Activity –
Nothing but the lines from the one with "Headset Sem Fio" through the end of the data should be set down, each exactly as written, and no picture should be included.

(Records from a collection)
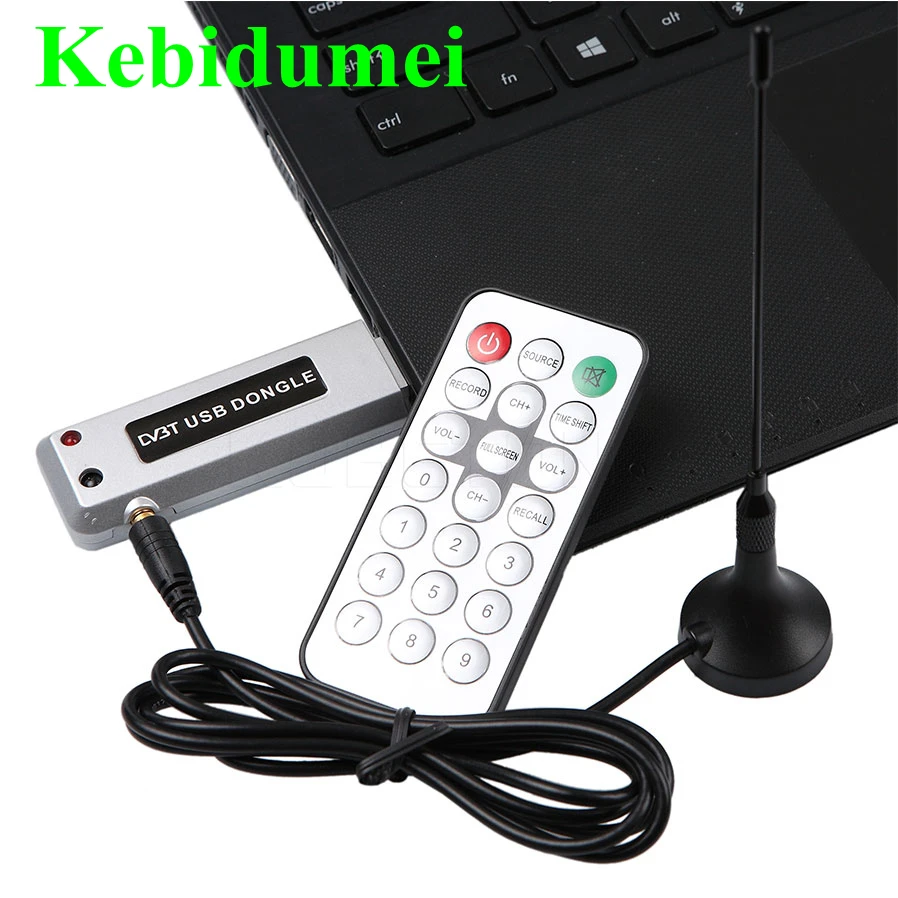 Kebidumei USB 2.0 Digital DVB-T HDTV TV Tuner Receiver Stick Recorder Receiver Software Radio with Antenna for Laptop tablet
Kebidumei USB 2.0 Digital DVB-T HDTV TV Tuner Receiver Stick Recorder Receiver Software Radio with Antenna for Laptop tablet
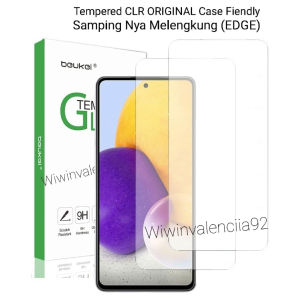 UPGRADEFIT! Tempred Glass Screen Protector VIVO V40 LITE V29E V27E V25E V23E V21 V20 SE V19 V17 PRO V15 V11 V11i V9 Tempered Kaca Super Clear THIN/Anti Gores Temperd Layar NFC Protecth Ful Cover Bening Tanpa List Hitam/tidak ada E V23 V27 V25 i 4g 5g V29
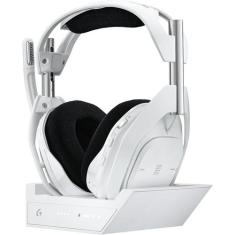 Headset Sem Fio Logitech Astro A50X LIGHTSPEED Base Station, Branco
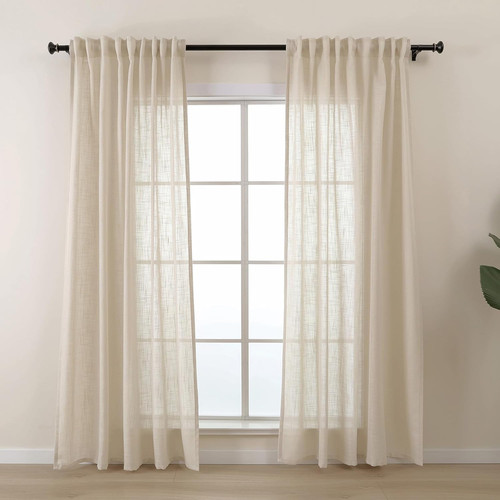Curtains beige semi - curtains,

Reply –
 Headset Sem Fio Logitech Astro A50X LIGHTSPEED Base Station, Branco
Curtains beige semi - curtains,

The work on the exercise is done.